In our last article “Why wait statistics are important and how you can start collecting them now!” we discussed a method of capturing wait statistics and a way to analyze them. Some background information on how wait statistics are generated by the SQLOS will certainly help you with your analysis!
The first important part to know about are schedulers. SQL Server creates a scheduler for every logical processor in your system (+1 for the DAC). These schedulers have the job of scheduling CPU time for your threads. You can actually view your schedulers by querying the sys.dm_os_schedulers DMV.
A scheduler has 3 phases (or states) where threads go through so they can be executed by a available CPU, this is illustrated by the image below:
The 3 phases, or states, are as follows:
RUNNING: The tread is being run by the CPU
RUNNABLE: The thread has all resources it needs available and is waiting in queue to get run on the CPU.
SUSPENDED: The thread is waiting for additional resources
A thread will always go through all of these 3 phases while being executed, generally a thread will move through the phases in the following order:
1) A thread will start on the SUSPENDED queue while it’s needed resources are gathered
2) When the resources are available the thread will move to the next phase and enter the RUNNABLE queue, a FIFO queue of threads.
3) The thread has reached the top of the RUNNABLE queue and moves to the RUNNING phase, this means the thread is getting executed by the CPU. If the thread needs additional resources or it has been running on the CPU for too long it will be returned to the SUSPENDED queue and moves through the phases again.
Now that we know how schedulers execute threads and the various phases involved we can take a look how our wait statistics are being generated.
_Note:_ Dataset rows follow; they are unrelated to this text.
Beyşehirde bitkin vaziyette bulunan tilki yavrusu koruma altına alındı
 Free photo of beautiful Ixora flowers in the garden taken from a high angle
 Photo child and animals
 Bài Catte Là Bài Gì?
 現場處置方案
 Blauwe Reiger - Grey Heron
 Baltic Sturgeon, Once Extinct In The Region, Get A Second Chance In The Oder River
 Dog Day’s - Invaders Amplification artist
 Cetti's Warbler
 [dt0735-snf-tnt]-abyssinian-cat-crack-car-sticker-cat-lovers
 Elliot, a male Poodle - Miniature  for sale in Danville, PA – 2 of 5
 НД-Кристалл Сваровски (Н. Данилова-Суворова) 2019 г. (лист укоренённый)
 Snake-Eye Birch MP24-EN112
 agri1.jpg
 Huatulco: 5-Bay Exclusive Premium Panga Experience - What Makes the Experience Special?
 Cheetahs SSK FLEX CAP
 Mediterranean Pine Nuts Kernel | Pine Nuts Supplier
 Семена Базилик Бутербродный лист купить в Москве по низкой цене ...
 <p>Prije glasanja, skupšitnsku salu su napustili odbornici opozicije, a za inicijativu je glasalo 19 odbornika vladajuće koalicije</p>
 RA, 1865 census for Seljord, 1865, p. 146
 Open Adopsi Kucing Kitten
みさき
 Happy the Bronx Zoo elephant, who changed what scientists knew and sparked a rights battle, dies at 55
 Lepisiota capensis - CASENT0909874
I have modified the scheduler image above to show you where the wait times are being generated:
The Resource wait time is the time a thread spends in the SUSPENDED phase.
The Signal wait time is the time a thread spends in the RUNNABLE phase (or queue) before it is being executed by a CPU.
If we add both these values together we get the total wait time known as wait time.
For example, if we have a thread that spend 2ms in the SUSPENDED phase and 3ms in the RUNNABLE phase we would get a wait time of 5ms.
SQL Server records these different wait times into 2 DMV’s you can use to monitor your wait statistics: sys.dm_os_waiting_tasks and sys.dm_os_wait_stats.
The sys.dm_os_waiting_tasks DMV will show you want is running on your schedulers at the time you query the DMV. The column wait_duration_ms is the time the thread has been waiting, the column wait_type shows you the type of wait the thread is waiting on.
Using this DMV can give you a quick information when your SQL Server is slow, as you can see what SQL Server is actually waiting for. If you see a lot of the same wait types or very high wait times it can mean the access to that specific resource is slowing your server down.
The sys.dm_os_wait_stats DMV is a cumulated view that gets cleared every time you start your SQL Server. Querying this view will give you all available wait types and the time spend waiting on them since you started your SQL Server (or cleared them manually).
The column wait_time_ms shows you the total wait time of the specific wait type, and the column signle_wait_time_ms shows you the exact time that wait type has spent waiting in the RUNNABLE queue. Next to those columns you can also see how many times that specific wait type occurred by looking at the waiting_tasks_count column.
As you can see both these DMV’s can you a lot of information about how your SQL Server is performing and what it is waiting for.